* Exercise instructions
Reproduce only what runs from the line containing "Used 2019 Toyota Highlander XLE image 21" to the line containing "Torrid Boyfriend Bermuda" in the records below, inclusive. Keep it exact, and keep the pictures out.

-------- Given data

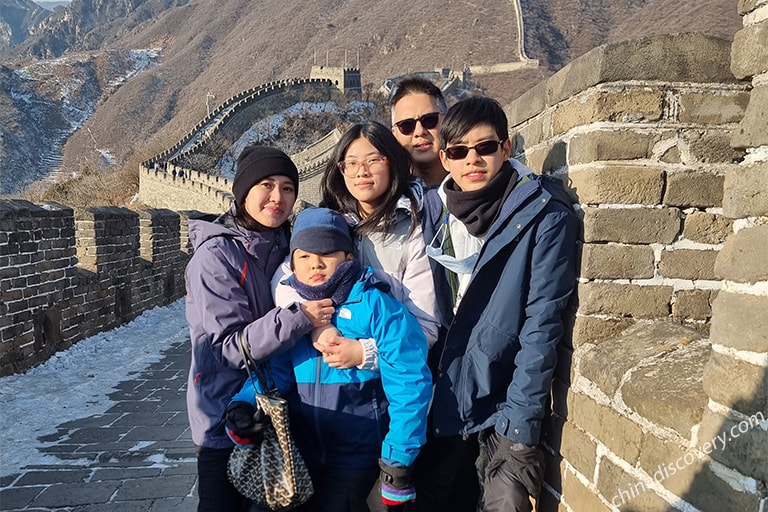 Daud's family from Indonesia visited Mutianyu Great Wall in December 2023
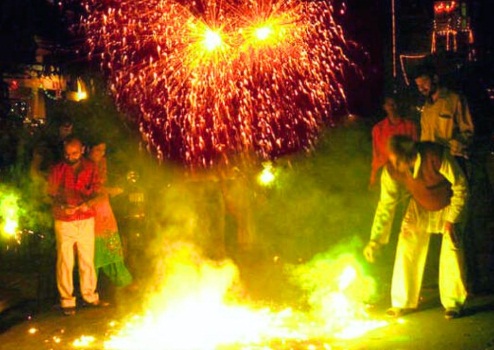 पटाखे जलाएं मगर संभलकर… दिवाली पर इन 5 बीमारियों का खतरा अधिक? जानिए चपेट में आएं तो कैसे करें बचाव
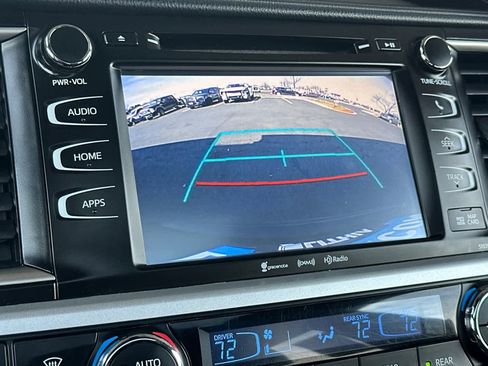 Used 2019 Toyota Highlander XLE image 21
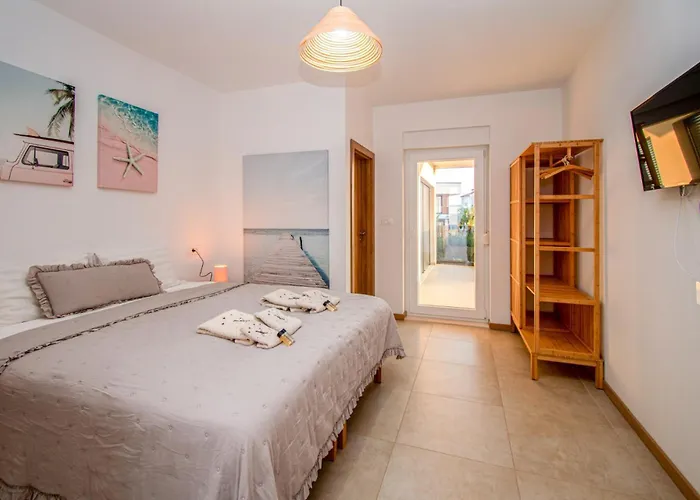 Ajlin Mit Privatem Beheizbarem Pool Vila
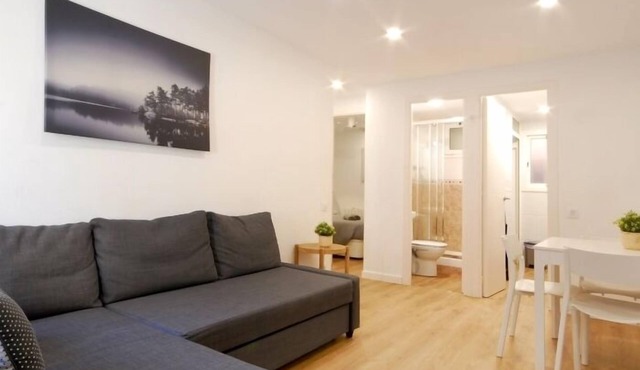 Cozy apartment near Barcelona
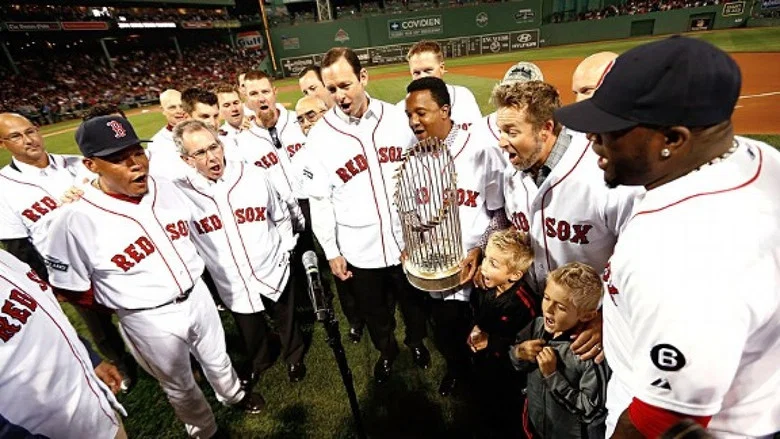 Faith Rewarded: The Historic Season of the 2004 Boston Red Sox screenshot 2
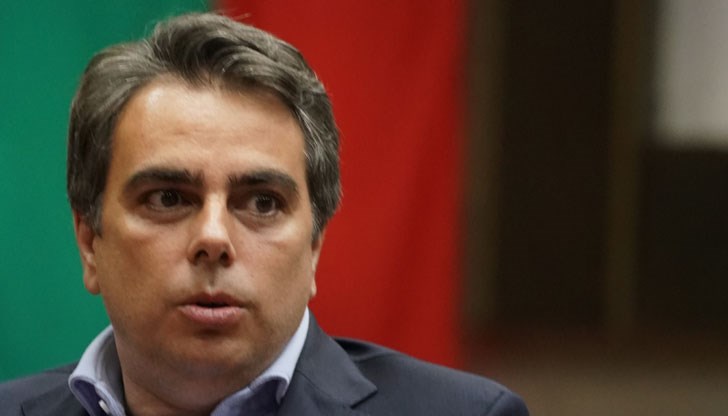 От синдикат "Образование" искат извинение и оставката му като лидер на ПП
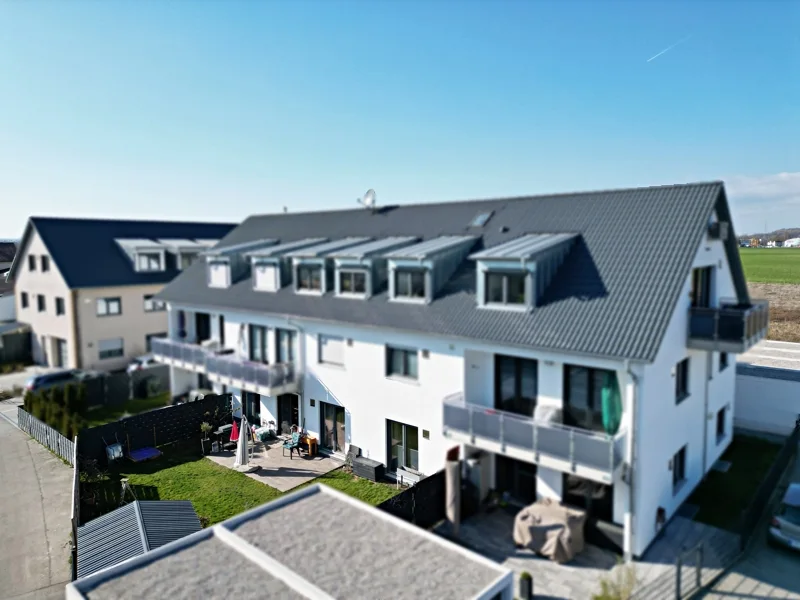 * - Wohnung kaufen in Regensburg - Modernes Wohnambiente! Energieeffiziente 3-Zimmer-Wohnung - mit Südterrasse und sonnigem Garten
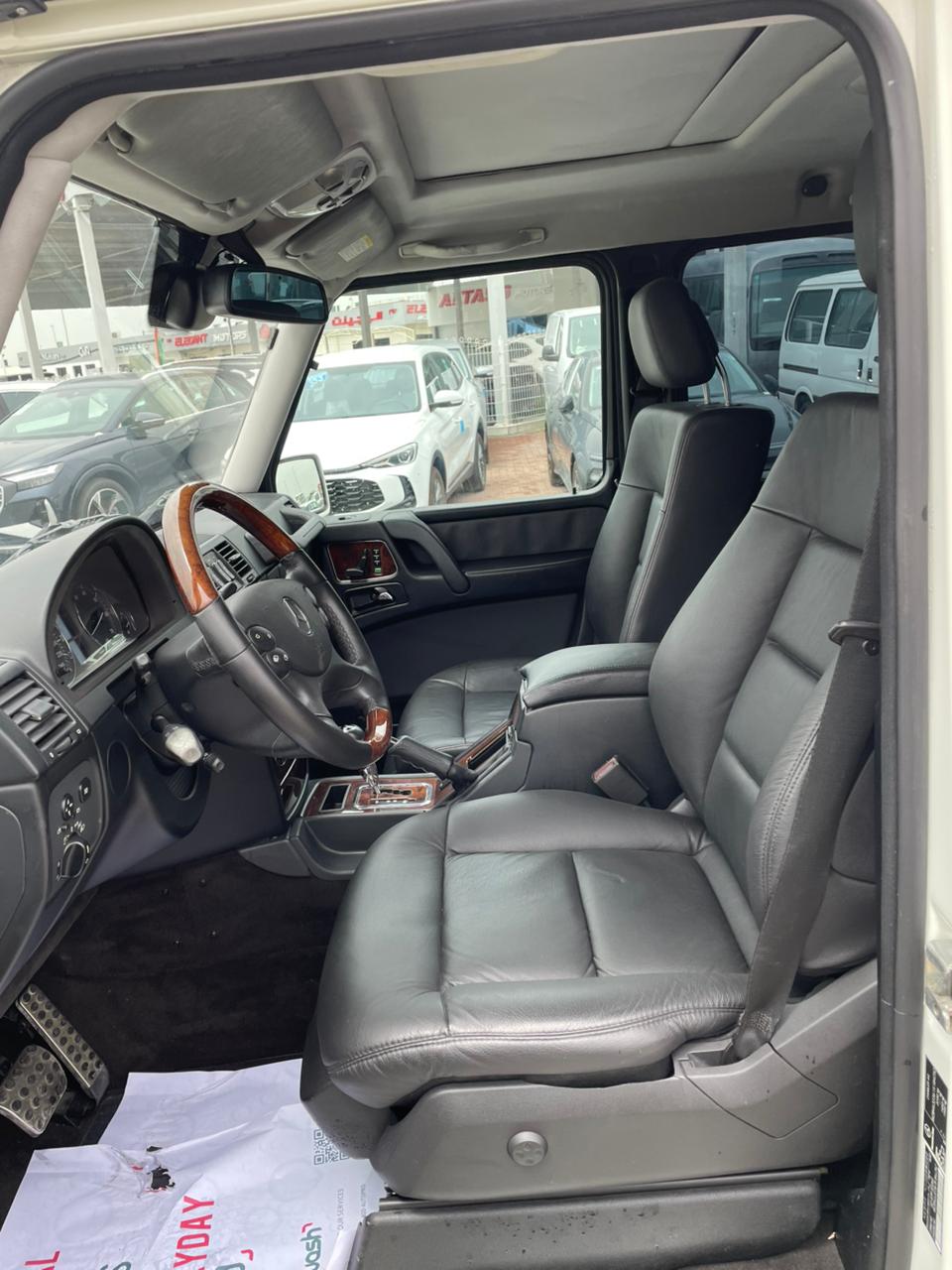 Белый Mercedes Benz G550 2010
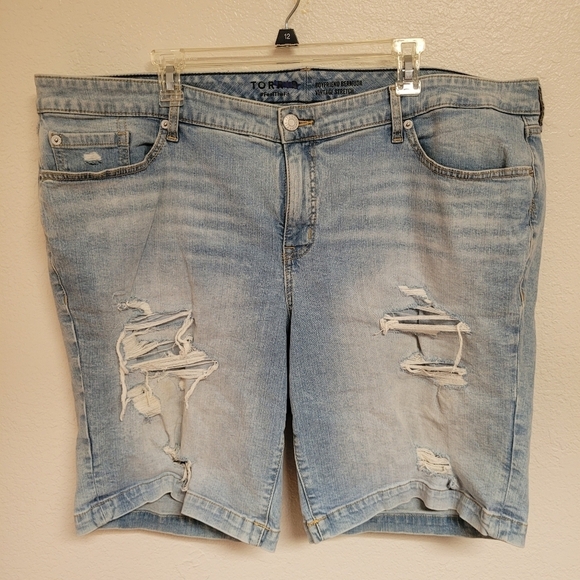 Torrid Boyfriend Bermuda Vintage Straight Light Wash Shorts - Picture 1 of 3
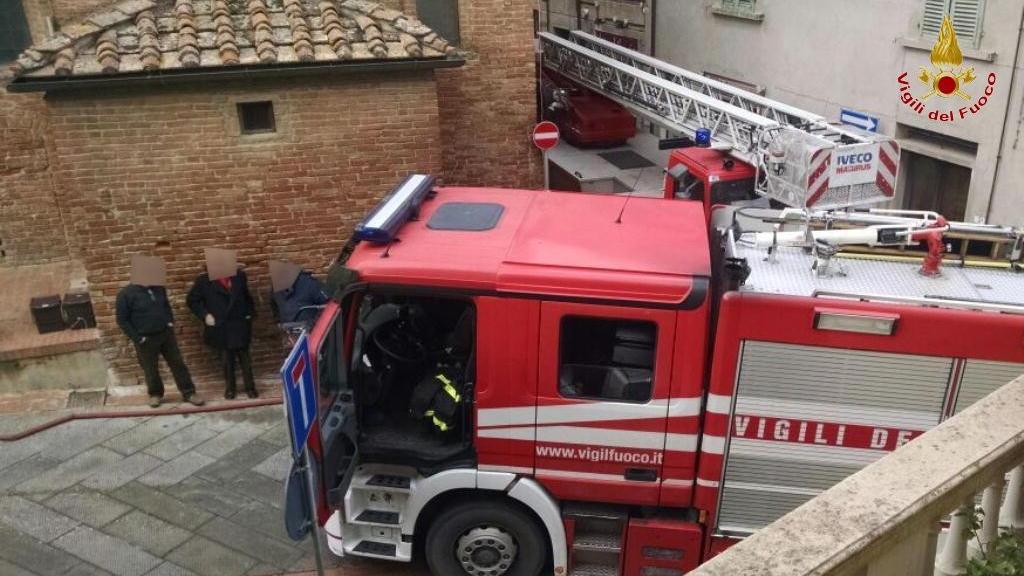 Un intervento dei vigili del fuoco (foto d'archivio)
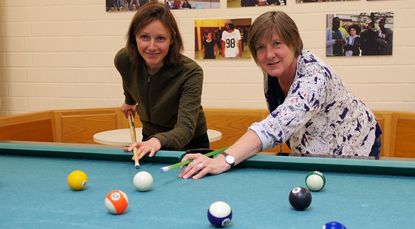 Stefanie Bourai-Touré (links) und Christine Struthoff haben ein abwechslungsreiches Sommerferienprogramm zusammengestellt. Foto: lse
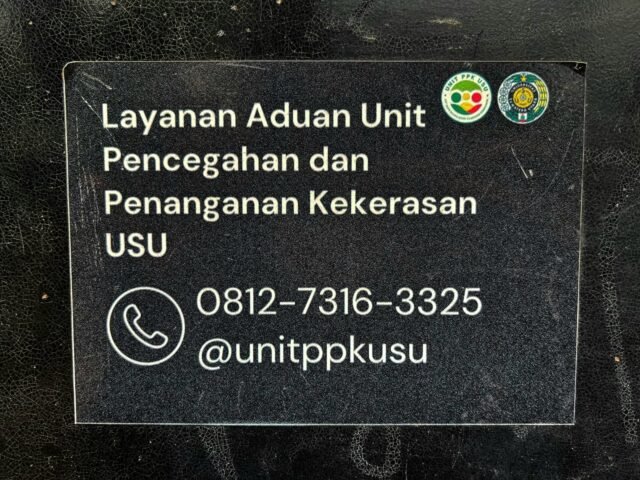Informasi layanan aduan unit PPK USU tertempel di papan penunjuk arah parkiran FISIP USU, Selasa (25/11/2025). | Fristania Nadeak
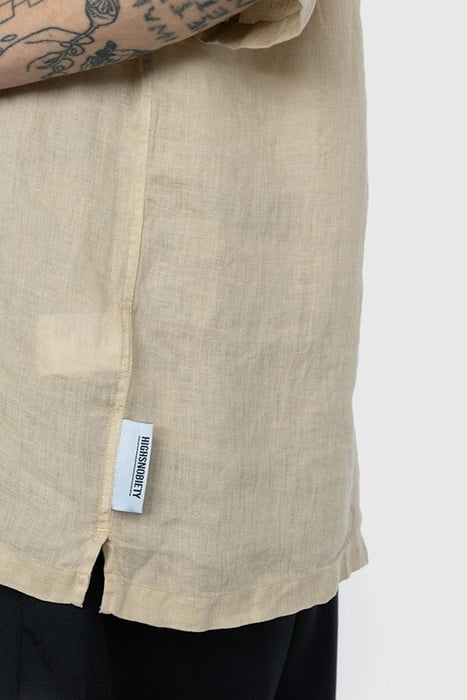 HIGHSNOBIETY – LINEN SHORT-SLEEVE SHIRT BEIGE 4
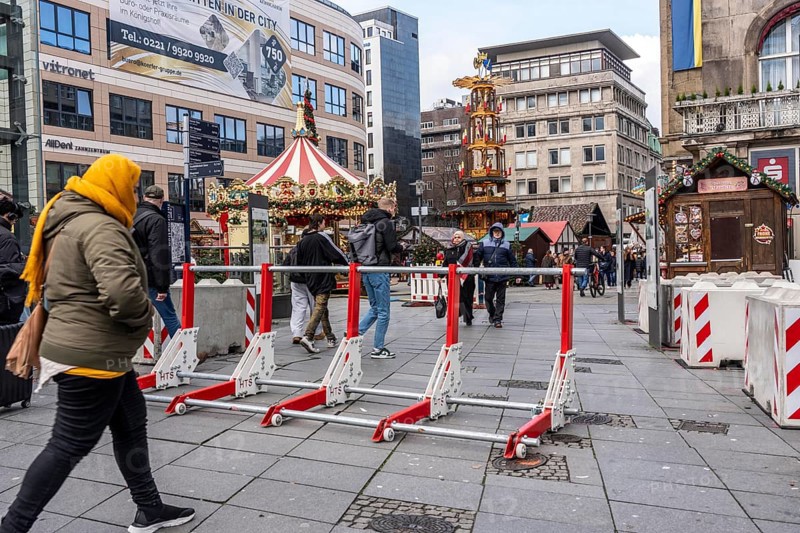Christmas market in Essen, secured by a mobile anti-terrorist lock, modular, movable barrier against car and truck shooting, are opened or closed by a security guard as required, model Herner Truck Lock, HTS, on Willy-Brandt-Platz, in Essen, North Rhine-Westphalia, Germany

----------------

* Written response
 Used 2019 Toyota Highlander XLE image 21
 Ajlin Mit Privatem Beheizbarem Pool Vila
 Cozy apartment near Barcelona
 Faith Rewarded: The Historic Season of the 2004 Boston Red Sox screenshot 2
 От синдикат "Образование" искат извинение и оставката му като лидер на ПП
 * - Wohnung kaufen in Regensburg - Modernes Wohnambiente! Energieeffiziente 3-Zimmer-Wohnung - mit Südterrasse und sonnigem Garten
 Белый Mercedes Benz G550 2010
 Torrid Boyfriend Bermuda Vintage Straight Light Wash Shorts - Picture 1 of 3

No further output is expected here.